I've been playing a bit with my disassembler, mostly fixing bug... And I've been using Supercross 3D for testing. Looking at the source code I can understand why it runs so slow. Ok the Jaguar it's very slow at texture mapping but the code could be better.

For now I've seen the following things.
  • The code it's about 117KB, 120,016 bytes to be precise and it's stored at the end of the cartridge.
  • The game it's locked to a minimum of 4 vbls per frame for PAL systems and 5 vbls for NTSC ones, this means that it will run at maximum speed of 12,5fps and 12fps respectively.
  • There are one block of DSP code, I suppose that it's the sound engine.
  • There are eleven blocks of code for the GPU (maybe one or two more, I haven't finished the disassembly)
  • One of the GPU blocks it's used just to set the Object Processor List Pointer, this one never it's loaded into the GPU internal RAM, it runs from ROM.
  • There are about 20KB (21, 184bytes) of dead code or unused data, they are spread around the code and most of them end with a $4E75 (rts opcode) but they are never referenced or called.
  • Short branches are almost never used.
  • It waits for the bitter to be idle in several places, but IMO if you are using the 68000 you don't need to wait because it has lower priority (68000 < blitter), so if the blitter it's busy the 68000 will be stoped. The only advantage of not having a cache.
  • There are some link/unlink opcodes, also some routines push values into the stack, jump somewhere, load the values from the stack to the registers and jump again to do the actual work. I think that some parts are written in C and others in assembler, and this kind of routines are used to jump from C to ASM.
  • There are some parts of the game that depends if the system it's PAL or NTSC, but it reads the hardware register each time that it needs to instead of using a flag.
  • The game runs in 8bits mode with colors in CrY format (not 100% sure).
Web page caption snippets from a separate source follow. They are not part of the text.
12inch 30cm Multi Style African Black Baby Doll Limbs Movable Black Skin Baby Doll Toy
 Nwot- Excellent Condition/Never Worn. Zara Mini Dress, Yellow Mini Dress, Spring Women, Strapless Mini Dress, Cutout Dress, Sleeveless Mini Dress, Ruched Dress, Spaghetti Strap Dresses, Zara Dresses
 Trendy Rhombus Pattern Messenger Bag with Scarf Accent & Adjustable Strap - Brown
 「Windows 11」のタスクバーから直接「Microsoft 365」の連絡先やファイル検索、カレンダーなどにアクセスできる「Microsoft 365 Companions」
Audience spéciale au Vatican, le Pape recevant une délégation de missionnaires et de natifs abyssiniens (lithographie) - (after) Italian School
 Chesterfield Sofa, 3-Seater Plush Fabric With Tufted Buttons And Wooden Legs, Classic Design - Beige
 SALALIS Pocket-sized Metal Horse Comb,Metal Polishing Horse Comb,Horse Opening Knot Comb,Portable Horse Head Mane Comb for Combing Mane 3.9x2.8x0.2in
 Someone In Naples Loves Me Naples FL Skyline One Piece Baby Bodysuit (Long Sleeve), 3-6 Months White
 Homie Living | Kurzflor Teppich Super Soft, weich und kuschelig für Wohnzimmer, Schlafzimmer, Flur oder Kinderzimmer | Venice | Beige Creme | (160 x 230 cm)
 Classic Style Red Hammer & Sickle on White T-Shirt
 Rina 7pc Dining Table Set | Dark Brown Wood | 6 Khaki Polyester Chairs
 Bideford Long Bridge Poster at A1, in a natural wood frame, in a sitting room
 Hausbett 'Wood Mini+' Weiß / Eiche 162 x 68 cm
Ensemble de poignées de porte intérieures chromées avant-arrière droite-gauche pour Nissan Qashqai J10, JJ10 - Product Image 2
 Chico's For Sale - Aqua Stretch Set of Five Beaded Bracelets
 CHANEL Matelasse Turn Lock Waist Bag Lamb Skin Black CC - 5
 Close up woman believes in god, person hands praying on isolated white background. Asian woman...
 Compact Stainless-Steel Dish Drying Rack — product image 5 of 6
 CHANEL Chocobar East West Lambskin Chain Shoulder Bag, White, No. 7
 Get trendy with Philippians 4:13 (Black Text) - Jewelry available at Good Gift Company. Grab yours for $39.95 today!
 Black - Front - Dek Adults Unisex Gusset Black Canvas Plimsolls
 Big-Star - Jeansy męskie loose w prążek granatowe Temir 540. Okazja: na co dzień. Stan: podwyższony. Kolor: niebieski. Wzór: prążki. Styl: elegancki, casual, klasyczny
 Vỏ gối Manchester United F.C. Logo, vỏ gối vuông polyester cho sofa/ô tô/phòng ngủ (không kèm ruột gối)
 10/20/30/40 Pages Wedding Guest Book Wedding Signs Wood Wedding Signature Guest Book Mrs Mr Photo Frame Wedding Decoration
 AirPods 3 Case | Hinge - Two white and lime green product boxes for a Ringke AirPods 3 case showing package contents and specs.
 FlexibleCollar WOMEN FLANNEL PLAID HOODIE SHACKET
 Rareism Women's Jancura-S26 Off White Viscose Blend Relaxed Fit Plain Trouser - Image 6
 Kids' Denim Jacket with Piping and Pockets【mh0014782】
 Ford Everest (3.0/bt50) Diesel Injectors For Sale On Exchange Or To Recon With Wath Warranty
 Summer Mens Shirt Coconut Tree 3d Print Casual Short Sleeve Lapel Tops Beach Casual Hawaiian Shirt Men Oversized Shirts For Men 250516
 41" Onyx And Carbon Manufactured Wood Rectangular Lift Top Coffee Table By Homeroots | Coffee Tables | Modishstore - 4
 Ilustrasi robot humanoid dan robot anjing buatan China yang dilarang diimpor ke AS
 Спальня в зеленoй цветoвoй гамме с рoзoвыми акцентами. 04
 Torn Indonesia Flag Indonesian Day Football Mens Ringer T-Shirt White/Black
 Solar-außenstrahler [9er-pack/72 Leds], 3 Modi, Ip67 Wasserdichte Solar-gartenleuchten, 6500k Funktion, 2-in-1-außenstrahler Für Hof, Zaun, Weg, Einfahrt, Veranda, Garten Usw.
And now some codes snippets. All of them are actual code (it's full of them).
move.w (a0),d0
addq.w #1,d0
move.w d0,a3
move.w a3,-(sp)
jsr l01e3e0e
At least it uses quick add, I think that this is used to increment the lap count and print it.

move.w #0,l01b72d8
move.w #0,l01b72da
move.w #0,l01b72dc
move.w #0,l01b72de
move.w #0,l01b72e0
...

What about using a data register and post-increment addressing?

move.l a1,-(sp)
move.l #l01ece80,d3
move.l d3,a1
jsr (a1)
Because jsr l01ece80 it's too easy.


By the way, I've found two bugs in my assembler when I was looking at the disassembled code to write this post.